Linting for Lawmakers
Laws are rules that a particular community recognizes as regulating the actions of its members. From this definition, Serena Peruzzo detailed how she sought to use tools from Natural Language Processing (NLP) to “find a representation of the rules that makes them more accessible and understandable."1
One proposed use case is to identify and highlight ambiguities. NLP of laws as written could help feed back to lawmakers what parts may be confusing, where a benchmark for “confusing” could map to a specific natural language model used by a specific dependency parser; for example, Peruzzo used the default English model of the spaCy library’s parser for her study.2
Challenges for such a use case include syntactic complexity – convoluted sentences – and domain specificity. This reminds me of linting for writing computer-program text.3 Many programming communities recognize certain rules as regulating the actions of their members with regard to formatting their program text to better facilitate collaboration. Such “style guides” are written in natural language for humans to read, but they are also accessible in representations that allow tools to identify and highlight specific suggestions for a programmer within their text editor.4
Programmers are “lawmakers” in a way – their programs pertain to control flow conditional on situational contexts such as program state and data values. A programmer who reads another’s code may find certain sections ambiguous, meaning they find it difficult to predict the program behavior, and they need to refer to other sections of the code – perhaps unit tests! – to gain confidence in their mental model of the program’s rules.

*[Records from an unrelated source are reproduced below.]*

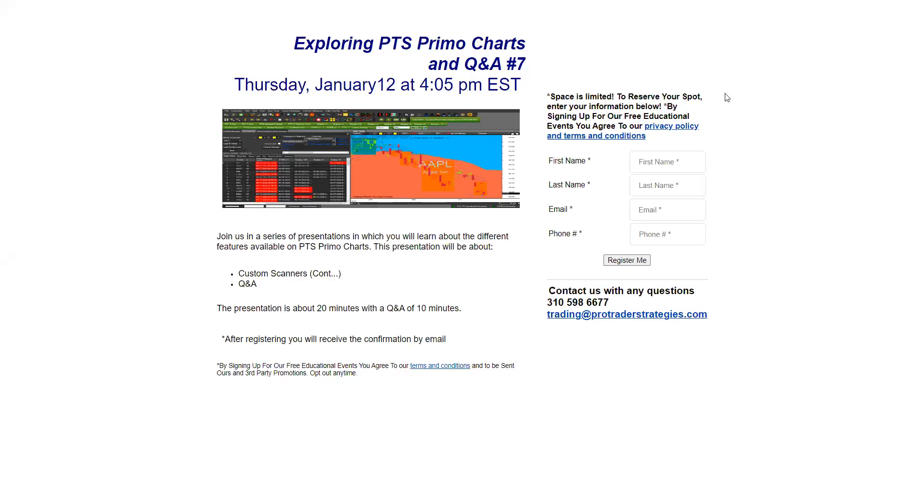Okay, so welcome to Exploring PTS PrimoCharts. This is our seventh session and we are going to talk about or continue to talk about the custom scanners.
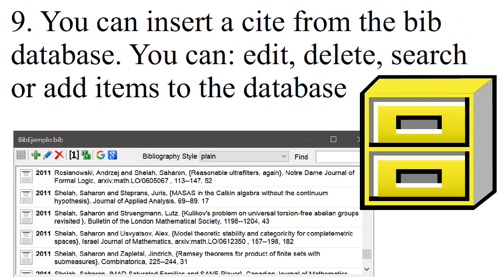You can insert a cite from the Bib database. You can edit, delete, search or add items to the database.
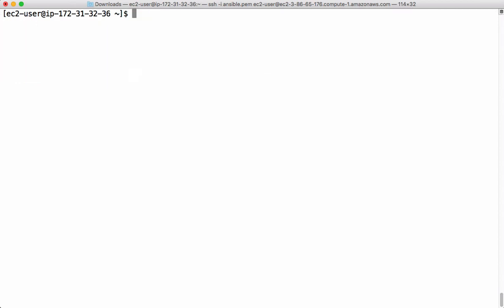Now we have the control machine and the managed node, and the details are configured inside inventory. Let's quickly run a hello world ansible command: ansible, then provide the IP address of the node I want to reach, then -m for module, then ping. The ping module is going to ping the managed node. This is the first command we generally run to make sure the managed node and ansible have proper connectivity.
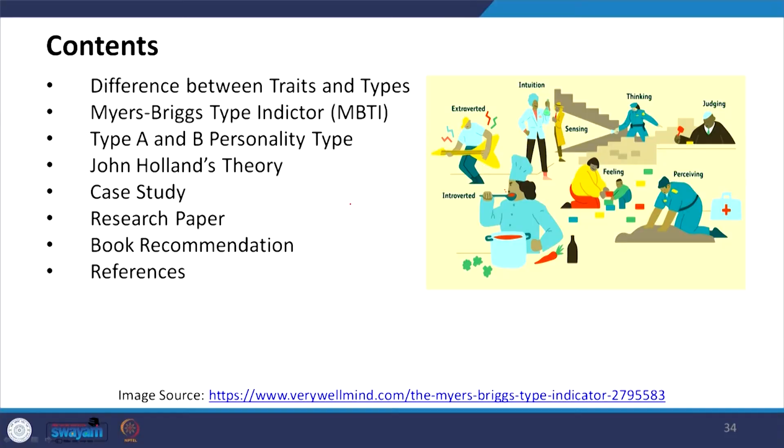In this session, we will talk about personality types and leadership. In the previous session, we discussed what personality is, the definitions given by different authors, especially Allport and Cattell, and the Big Five model of personality. Now we will talk about the difference between traits and types, the Myers-Briggs Type Indicator (MBTI), Type A and Type B personality, John Holland's theory, case studies, research papers, book recommendations, and references.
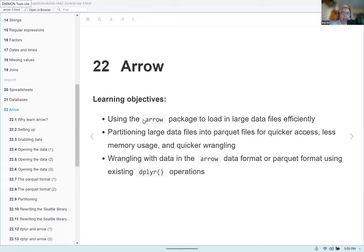We're going to learn about using the Arrow package to load in large data files efficiently. We're also going to talk about partitioning large data files into Parquet files for quicker access, less memory usage, and quicker wrangling. And we'll also talk about working with the data in the Arrow or Parquet format using existing dplyr operations.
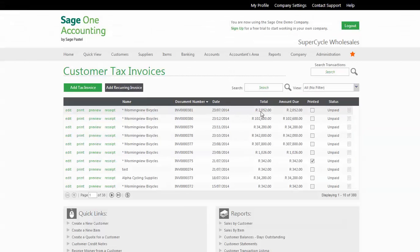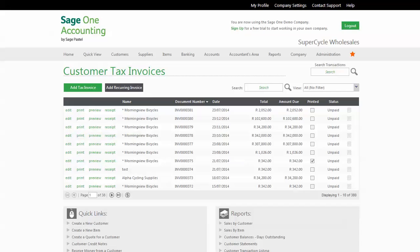What that does is it updates the customer's account with the amount of the invoice. It takes the units out of inventory or stock and also updates your general ledger accounts and the trial balance. The sale will appear in your profit and loss. Your VAT is also updated for your VAT reports if that is relevant to your business.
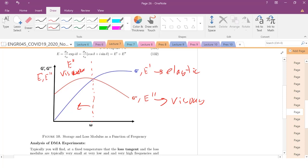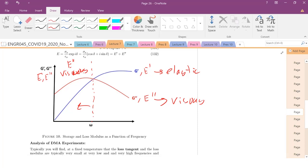At low frequencies, the viscous response dominates because you're allowing the material time to relax and flow. A great example is silly putty — if you pull it really slowly, it flows like a liquid; if you pull it really fast at high frequency, it breaks like a solid. And if you put silly putty in liquid nitrogen and throw it against a wall, it will shatter. Raise the temperature and it flows like a liquid.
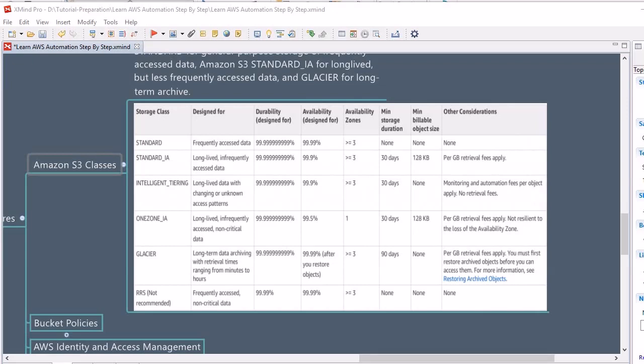Another storage class is One Zone-Infrequent Access, which is a good choice for non-critical data. Its durability is similar to earlier storage classes, but availability is different at 99.5%, and it is available in only one availability zone. The fee structure is based on GB retrievals. Since data belongs to a single availability zone, in case of failure or disaster affecting that zone, you will not get the data back.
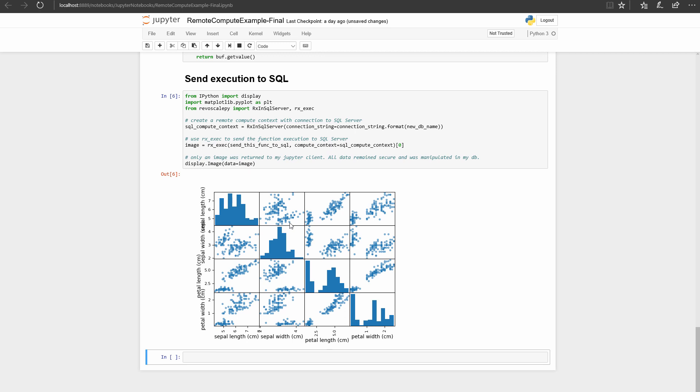Now I know we had to do a few setup steps so that you can follow my code in this tutorial, but once you're set up, check out how easy this really is. All we had to do was import RevoScalePy, create a SQL compute context, and then send the execution of any function seamlessly to SQL Server with rx_exec.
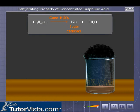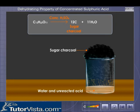The mixture starts frothing because of the heat being generated by this exothermic reaction. The black mass formed is pure amorphous carbon, called sugar charcoal.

Scientific publication also involves a kind of “lawmaking” in the proposing of novel and useful constructs for the governance of reason. A manuscript author may offer equations that pertain to observed behavior, or offer guidelines for interpreting specific results using specific assumptions. One possibility that excites me is mapping parsed graph representations (like that produced by spaCy’s dependency parser) to candidate linked data resources. Then, inference could help perform “ontology linting” that nudges scientists to discover and reuse open, domain-specific vocabularies that in turn would enhance the discoverability of their associated ideas.